= Exercise data =
++++++++++
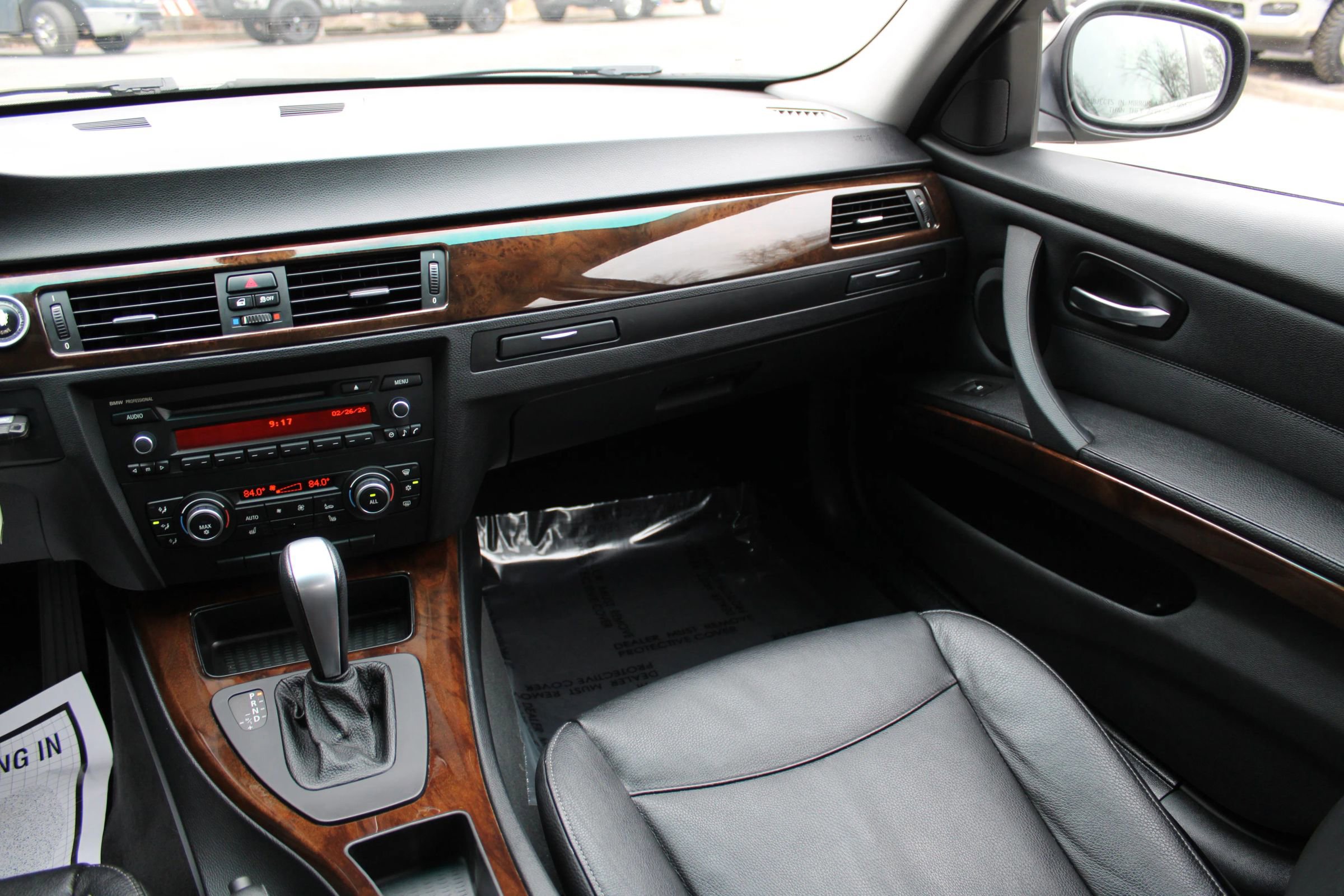 Used 2011 BMW 328i xDrive Sedan w/ Premium Pkg image 14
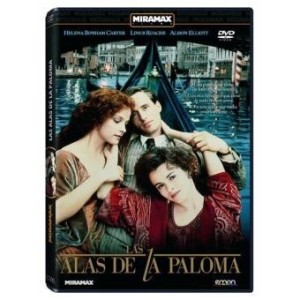 LAS ALAS DE LA PALOMA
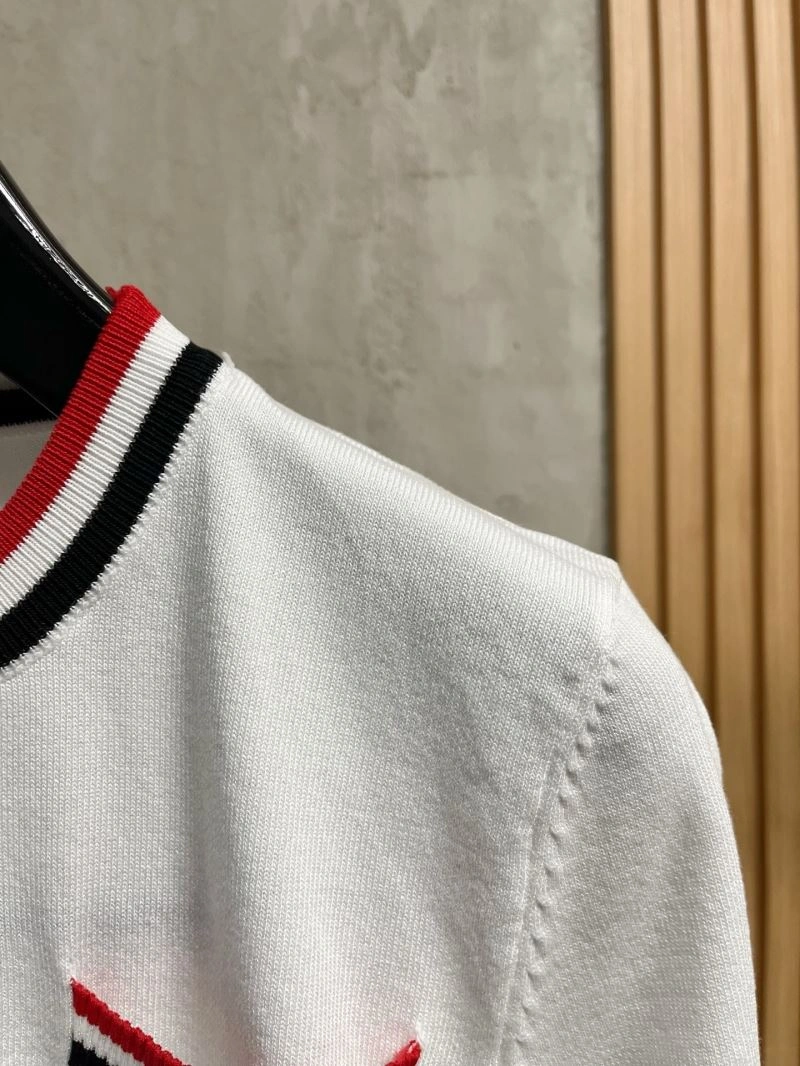 Thom Browne T-Shirts WrinkleFree 173713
++++++++++
Return the material as it stands. Leave out the pictures.

= Written solution =
 Used 2011 BMW 328i xDrive Sedan w/ Premium Pkg image 14
 LAS ALAS DE LA PALOMA
 Thom Browne T-Shirts WrinkleFree 173713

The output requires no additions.